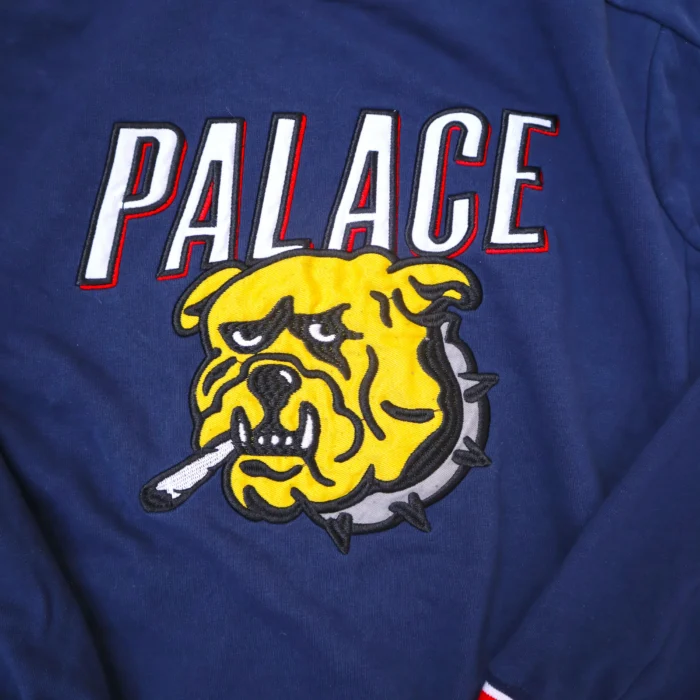 This vintage Palace crewneck stands out with its bold graphic and premium construction. The navy blue fabric is contrasted by red and white striped ribbing on the collar, cuffs, and hem for a classic, sporty look.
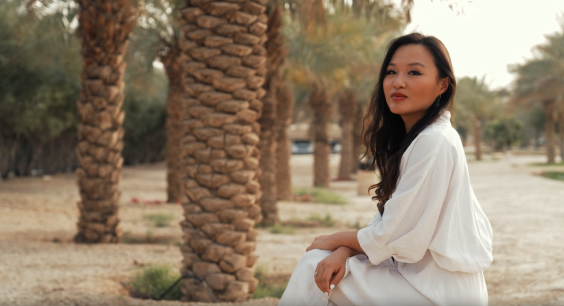 A woman in a white outfit sits calmly on a bench in a palm tree-lined park. She gazes towards the camera with a serene expression, her long dark hair cascading over her shoulders. The background features a path winding through the park, dotted with palm trees and soft sunlight filtering through the leaves, creating a tranquil and warm atmosphere.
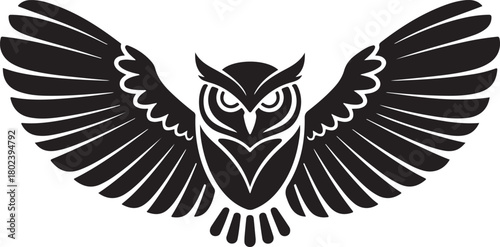 Striking silhouette of a majestic owl with wings spread wide in a powerful and elegant display of nocturnal grace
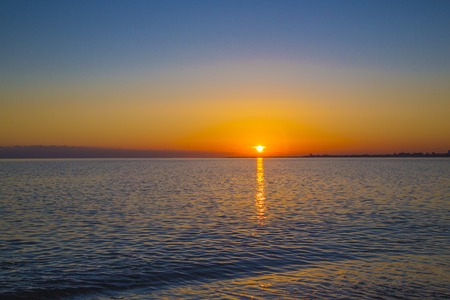 Picturesque bright sunset over the waves of the blue sea in the summer evening. reflection on the water.の写真素材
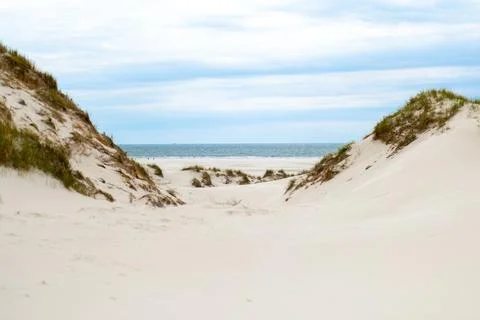A tranquil pathway through sand dunes leads to a serene beach under a cloudy sky Stock Photos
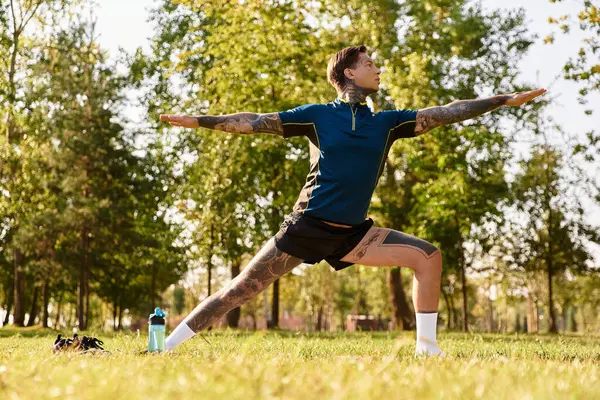 Genç adam, güneşin ve doğanın sıcaklığını kucaklayarak canlı bir parkta geziniyor..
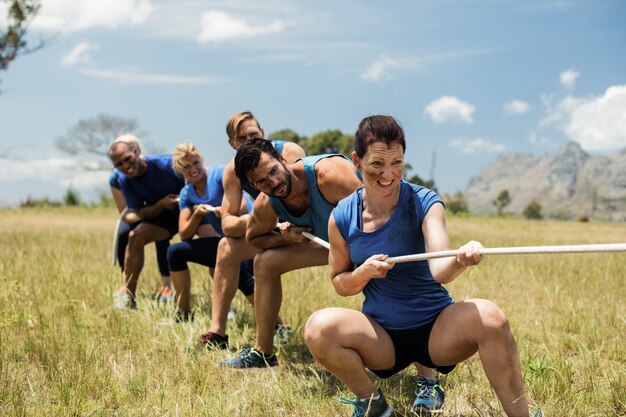 Foto pessoas jogando cabo de guerra durante o curso de treinamento de obstáculos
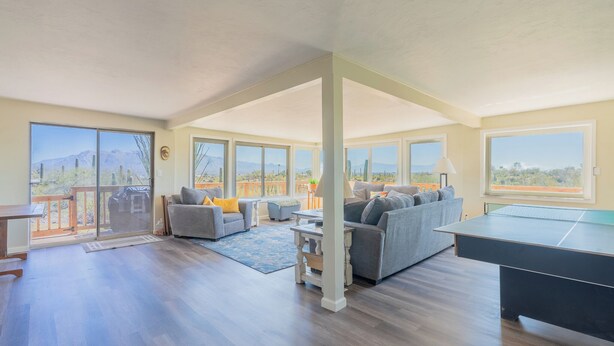 A spacious living room with a ping pong table, a sofa, and a balcony with a view of the desert. - The heart of the desert with amazing views and hiking trails right outside! (Tucson)
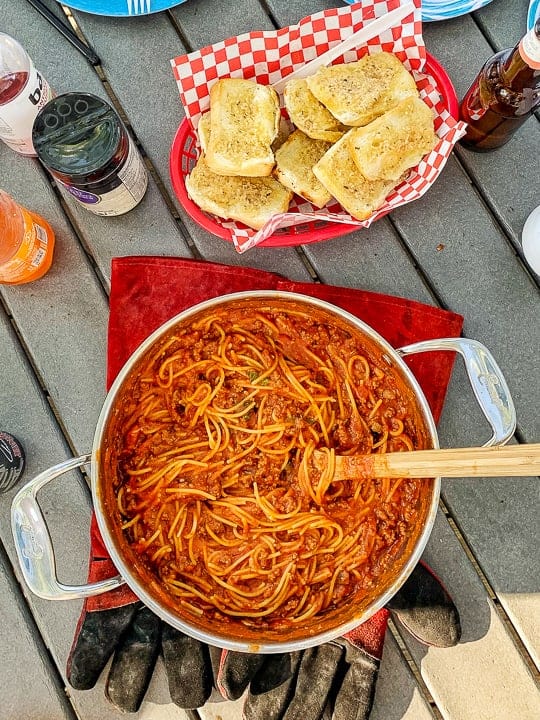 Easy camping garlic bread shown next to a pot of spaghetti in a stainless steel pot on a picnic table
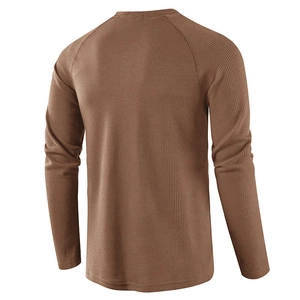 Macro detail of brown waffle knit fabric on the back of men's long sleeve henley shirt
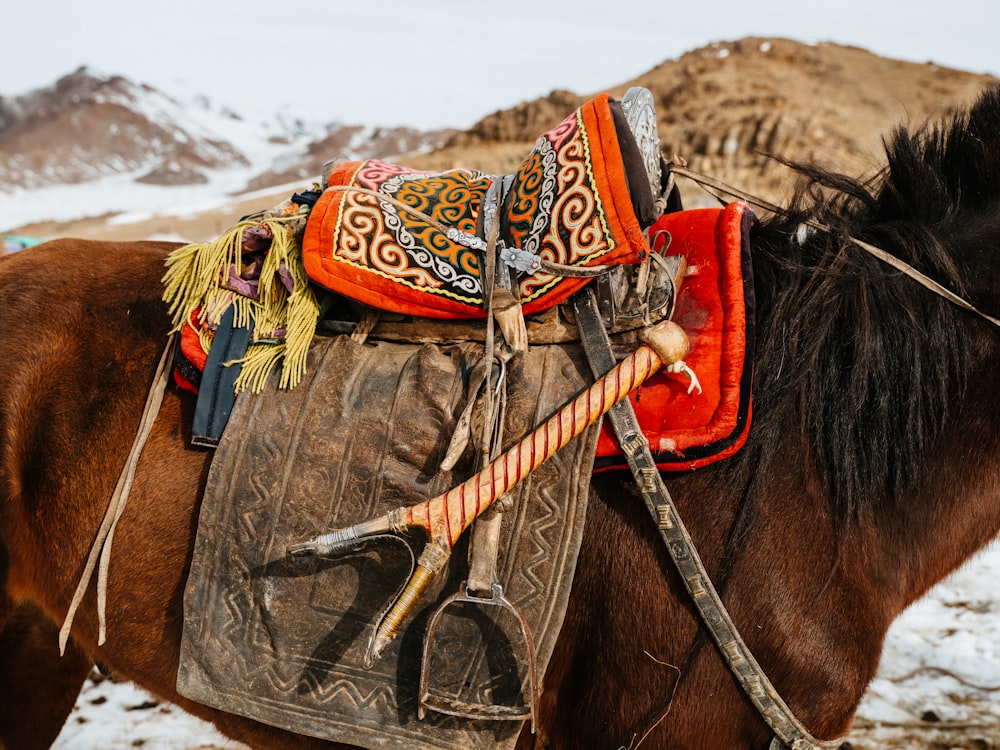 un caballo marrón con una silla de montar en el lomo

#####

In repeating the lines above, keep the wording exact and leave every picture out.

:: COMPLETED TASK ::
 This vintage Palace crewneck stands out with its bold graphic and premium construction. The navy blue fabric is contrasted by red and white striped ribbing on the collar, cuffs, and hem for a classic, sporty look.
 A woman in a white outfit sits calmly on a bench in a palm tree-lined park. She gazes towards the camera with a serene expression, her long dark hair cascading over her shoulders. The background features a path winding through the park, dotted with palm trees and soft sunlight filtering through the leaves, creating a tranquil and warm atmosphere.
 Striking silhouette of a majestic owl with wings spread wide in a powerful and elegant display of nocturnal grace
 Picturesque bright sunset over the waves of the blue sea in the summer evening. reflection on the water.の写真素材
A tranquil pathway through sand dunes leads to a serene beach under a cloudy sky Stock Photos
 Genç adam, güneşin ve doğanın sıcaklığını kucaklayarak canlı bir parkta geziniyor..
 Foto pessoas jogando cabo de guerra durante o curso de treinamento de obstáculos
 A spacious living room with a ping pong table, a sofa, and a balcony with a view of the desert. - The heart of the desert with amazing views and hiking trails right outside! (Tucson)
 Easy camping garlic bread shown next to a pot of spaghetti in a stainless steel pot on a picnic table
 Macro detail of brown waffle knit fabric on the back of men's long sleeve henley shirt
 un caballo marrón con una silla de montar en el lomo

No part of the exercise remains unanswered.